* **What is required**
Extract precisely the lines that run from the line containing "After dinner, I" to the end of the records below, with both ends included and pictures omitted.

* **Provided entries**
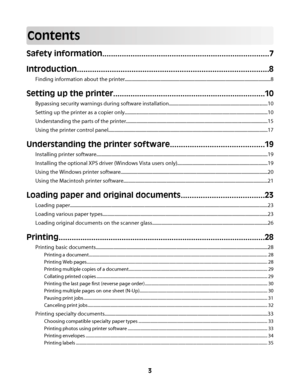 Page 3Contents
Safety information.............................................................................7
Introduction........................................................................................8
Finding information about the printer...........................................................................................................................8
Setting up the printer......................................................................10
Bypassing security warnings during software...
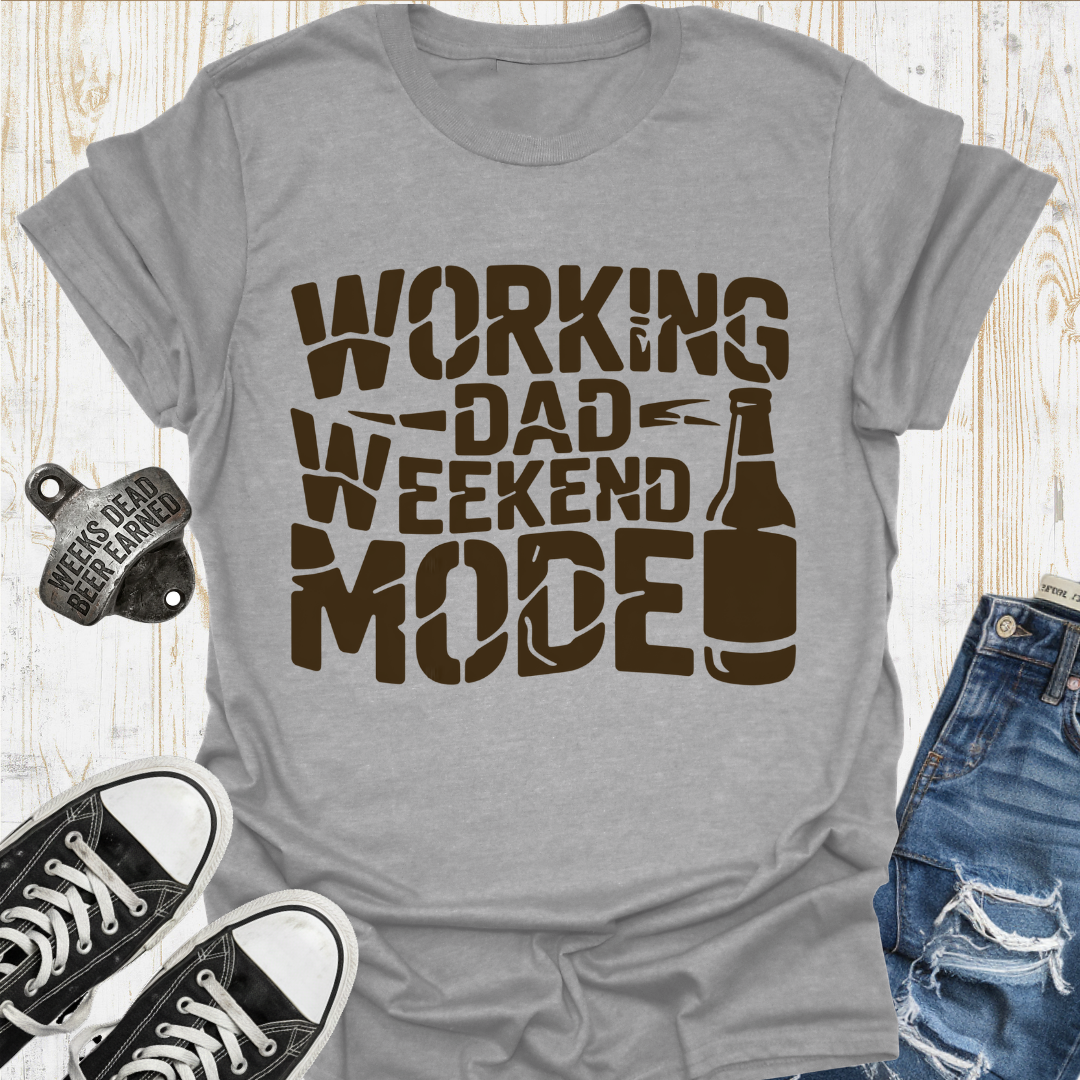 Work Dad Weekend TShirt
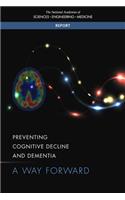 Preventing Cognitive Decline and Dementia: A Way Forward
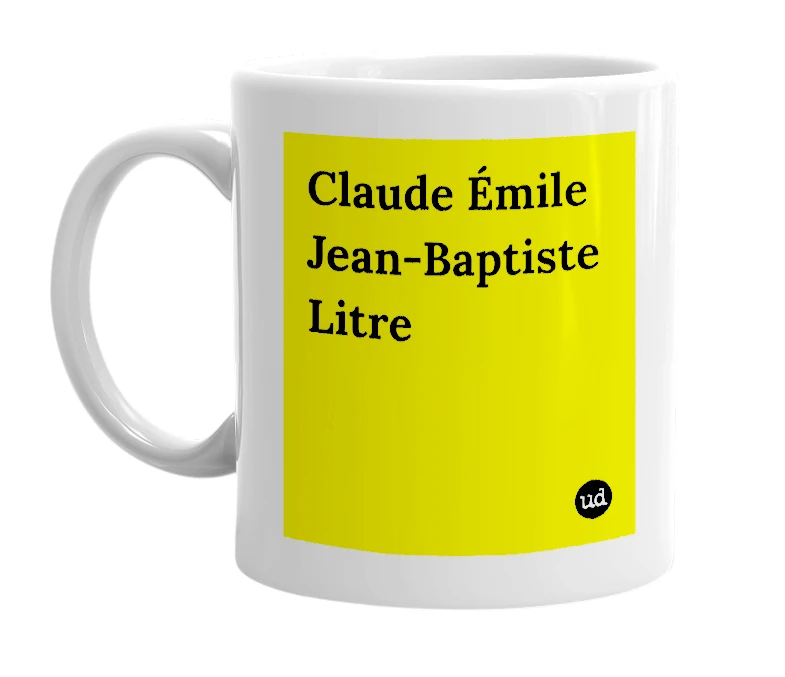 White mug with 'Claude Émile Jean-Baptiste Litre' in bold black letters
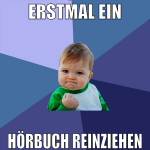 erstmal ein hörbuch reinziehen
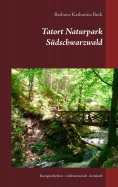 eBook: Tatort Naturpark Südschwarzwald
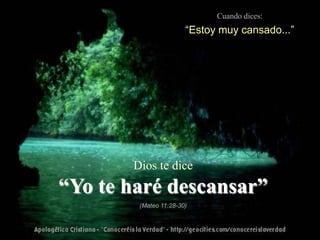 Cuando dices:
                       “Estoy muy cansado...”




       Dios te dice
“Yo te haré descansar”
        (Mateo 11:28-30)
 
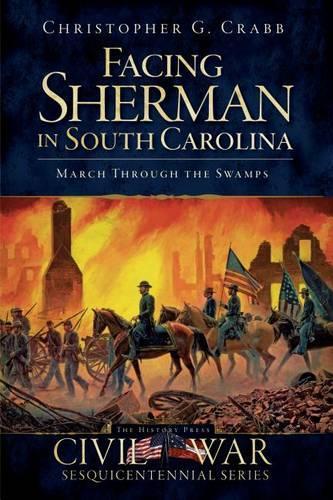 Facing Sherman in South Carolina: March Through the Swamps(Civil War Sequicentennial)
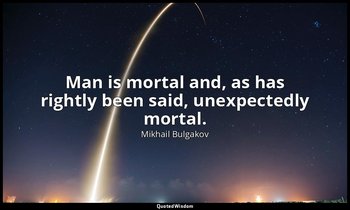 Man is mortal and, as has rightly been said, unexpectedly mortal. — Mikhail Bulgakov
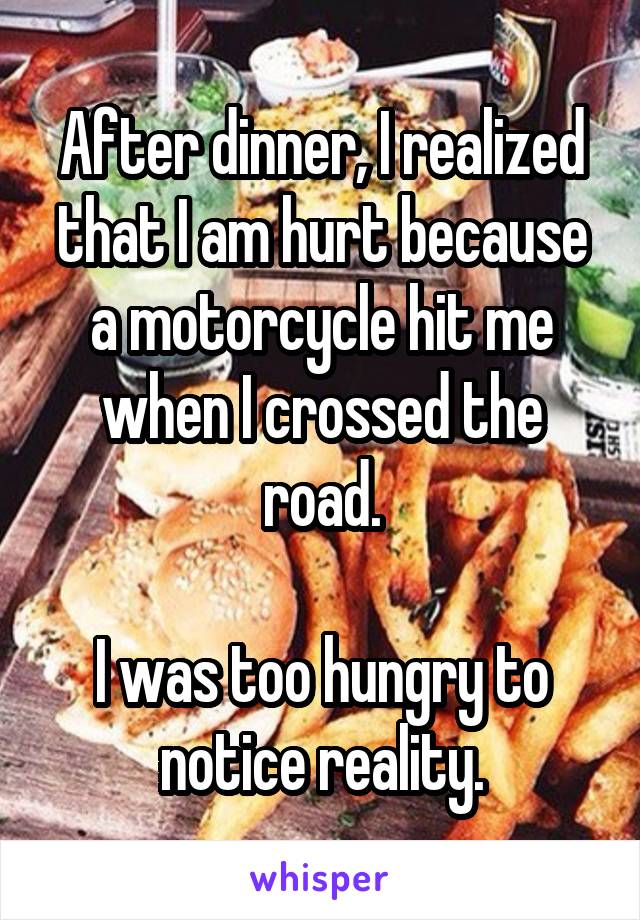 After dinner, I realized that I am hurt because a motorcycle hit me when I crossed the road.

I was too hungry to notice reality.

* **Answer to the problem**
 After dinner, I realized that I am hurt because a motorcycle hit me when I crossed the road.

I was too hungry to notice reality.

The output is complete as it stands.